Tatkala supremasi rakyat digemakan sebagai intisari demokrasi, pada
kenyataannya arah gerak bangsa ini masih dominan ditentukan oleh mereka yang
kadung disebut sebagai para pemimpin nasional.
Persepsi bahwa dunia politik, termasuk perilaku para pemimpin bangsa,
senantiasa berisi pertikaian adalah sama sekali tidak berlebihan. Meski
demikian, kerinduan akan adanya dunia politik yang jernih, tenang, serta
sebangun antara pemimpin dan rakyat juga laksana mimpi di siang bolong.
Walaupun, merujuk pada fantasi utopia, permohonan maaf oleh para pemimpin
nasional terkesan mengada-ada, maaf merupakan isyarat kerendahatian,
sekaligus pengakuan akan kedurhakaan politik karena telah mengabaikan amanat
rakyat. Lewat permintaan maaf, berlangsung peleburan diri para topdog ke
dalam diri mereka yang selama ini telah diperlakukan sebagai underdog.
Biarpun simbolik, maaf menjadi antitesis terhadap perangai egosentris yang
diperagakan oleh para elite nasional manakala berkompetisi memenuhi
kepentingan primordial mereka masing-masing.
Ringkasnya, permintaan maaf dari pemimpin nasional kepada semesta rakyat
adalah sebuah peristiwa monumental yang patut direalisasikan pada perayaan
Hari Kemerdekaan 2002 ini. Terlalu banyak bukti bagi pemimpin nasional untuk
mengakui kesalahan dan dilanjutkan dengan mengutarakan pertobatannya.
Beberapa di antaranya, kegagalan otoritas pemerintahan untuk mencegah
terjadinya aksi pembantaian pada Idul Fitri 1999 di Ambon, kekejian militer
dan milisi terhadap warga sipil Aceh, rendahnya perlindungan terhadap para
pekerja Indonesia yang dizalimi di luar negeri, terbunuhnya mahasiswa
demonstran, skandal keuangan negara, dan berjuta lainnya.

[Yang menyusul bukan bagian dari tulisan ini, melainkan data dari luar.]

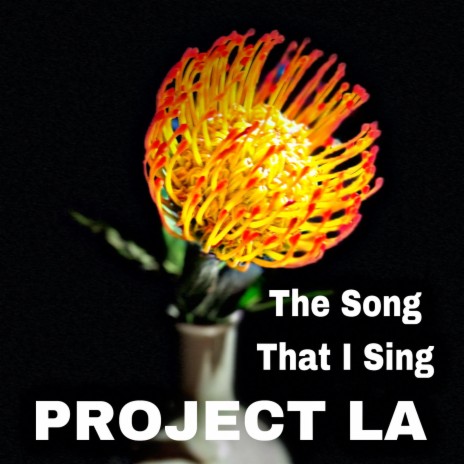 The Song That I Sing cover art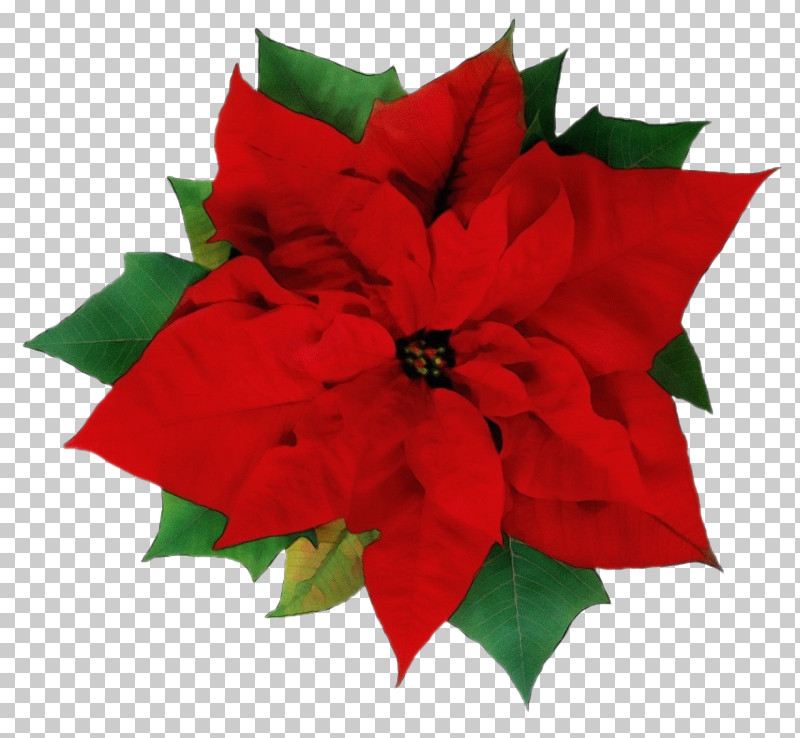 Christmas Decoration PNG, Clipart, Christmas Decoration, Cut Flowers, Flower, Flower Bouquet, Garden Roses Free PNG Download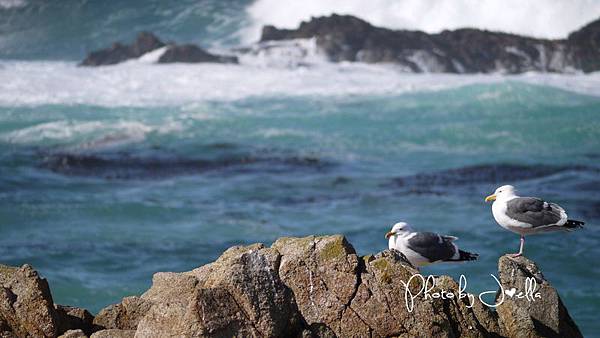 17-Mile Drive, California (20)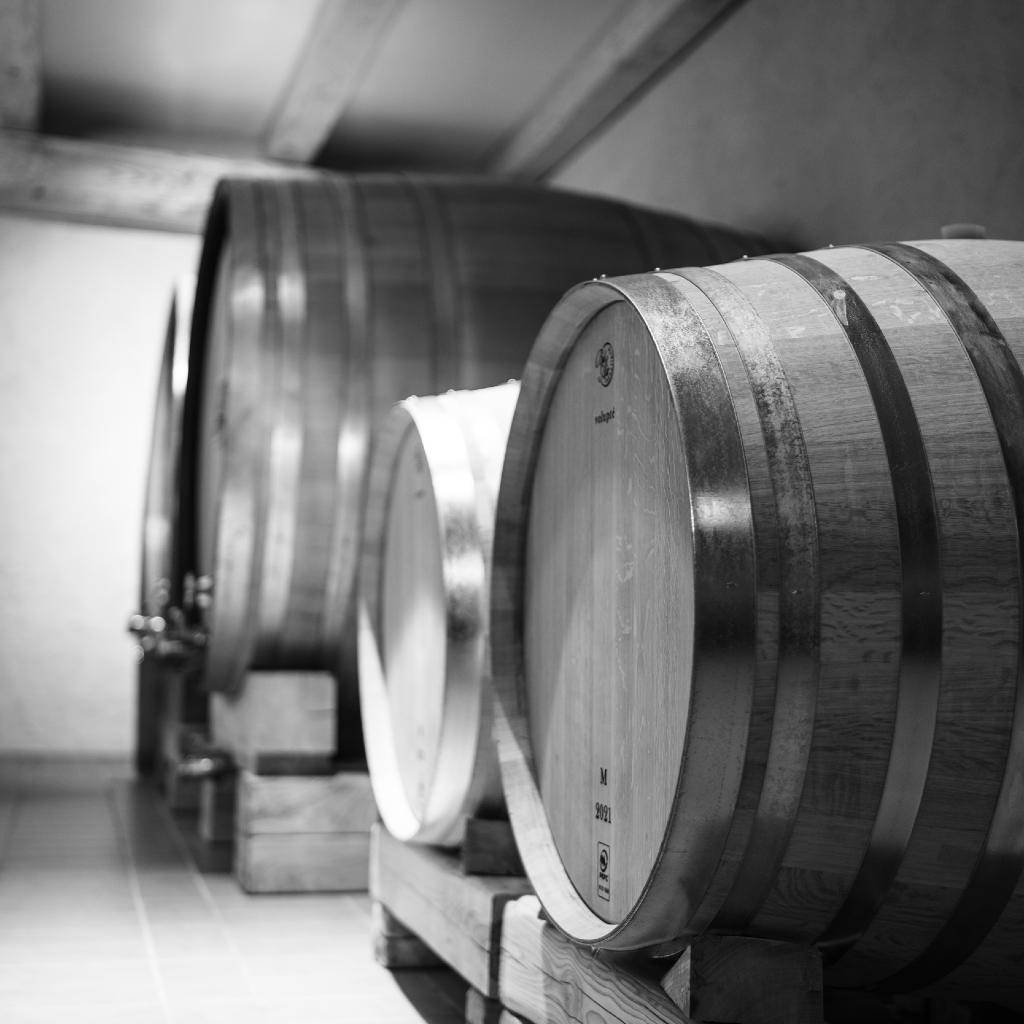 Recantina Asolo Montello DOC 2016  -  Pat del Colmel - vaigustando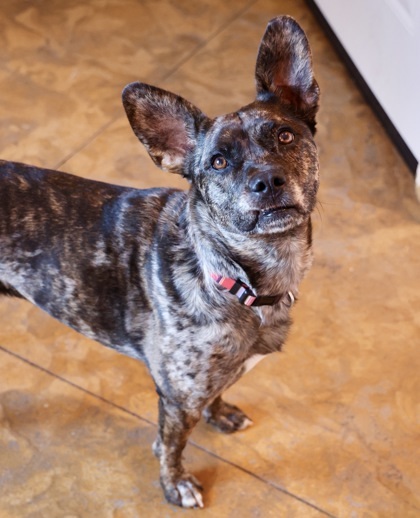 Gigi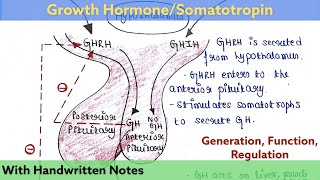 Growth Hormone | Somatotropin | Readymade notes for exam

Mengajukan permohonan maaf sesungguhnya memang bukan perkara ringan. Namun,
pemerintah Jepang telah beberapa kali meminta maaf atas tingkah laku
ekspansif mereka di masa silam. Dunia berdecak kagum, karena negara yang
kini menjadi salah satu raksasa di bidang ilmu pengetahuan dan teknologi itu
ternyata masih memiliki kepekaan hati untuk melakukan retrospeksi.

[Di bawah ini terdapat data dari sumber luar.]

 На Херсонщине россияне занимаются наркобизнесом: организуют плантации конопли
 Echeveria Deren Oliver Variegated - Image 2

Akibatnya, kendati masalah kompensasi oleh pemerintahan Jepang masih belum
sepenuhnya terselesaikan, masyarakat internasional cenderung tidak lagi
menyimpan trauma terhadap Jepang sebagai mantan negara imperialis.

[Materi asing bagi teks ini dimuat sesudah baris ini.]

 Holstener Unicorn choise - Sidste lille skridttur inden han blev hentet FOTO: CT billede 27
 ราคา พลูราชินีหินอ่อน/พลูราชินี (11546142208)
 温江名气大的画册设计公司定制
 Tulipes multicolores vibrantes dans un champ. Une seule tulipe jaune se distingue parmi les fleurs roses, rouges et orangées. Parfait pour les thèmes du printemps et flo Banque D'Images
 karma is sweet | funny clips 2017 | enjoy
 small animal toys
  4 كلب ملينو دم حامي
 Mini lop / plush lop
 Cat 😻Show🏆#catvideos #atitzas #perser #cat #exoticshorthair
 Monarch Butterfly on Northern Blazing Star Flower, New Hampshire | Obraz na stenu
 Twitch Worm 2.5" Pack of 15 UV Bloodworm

Setali tiga uang dengan Jepang adalah Pakistan. Belum lama ini, Presiden
Musharaf menyatakan penyesalannya yang mendalam atas kekeliruan yang telah
dilakukan negaranya di masa silam terhadap Bangladesh. Tindak lanjut
pernyataan Musharaf itu belum diketahui. Tetapi, yang jelas, dalam kunjungan
kenegaraannya ke Bangladesh tersebut, Presiden Musharaf disambut langsung
oleh PM Khalida Zia dengan bentangan karpet merah. Tidak ada dendam, karena
kedua pihak bertekad bahwa orientasi mereka adalah menciptakan masa depan
yang lebih cerah bagi kedua pihak.
Membandingkan dua negara tersebut, selintas terdapat kesan bahwa keberanian
pemimpin nasional untuk mengajukan permintaan maaf tampaknya berbanding
terbalik dengan persepsinya akan relasi menguasai dan dikuasai. Artinya,
semakin tinggi persepsi tentang superior-inferior tersebut, maka semakin
rendah inisiatif pemimpin untuk meminta maaf. Vice versa. Jika hipotesis ini
dapat diterapkan, bisa dipahami bahwa dalam konteks kehidupan dalam negeri,
konstelasi superior-inferior akan berakibat kontraproduktif bagi fondasi
demokrasi yang tengah dibangun. Karena, apabila diverbalisasikan, relasi
yang dengan ciri tersebut analog dengan --dalam bentuk ekstrem-- splitting
personality, yang menganut kredo, ''Aku bukan kamu. Aku yang benar, kamu
yang salah.''
***
Tidak hanya dari kacamata politik, permintaan maaf dari pemimpin kepada
rakyat juga memiliki pembenaran psikologis. Buruknya relasi vertikal dalam
kehidupan berbangsa tidak semata-mata menguras energi pemimpin.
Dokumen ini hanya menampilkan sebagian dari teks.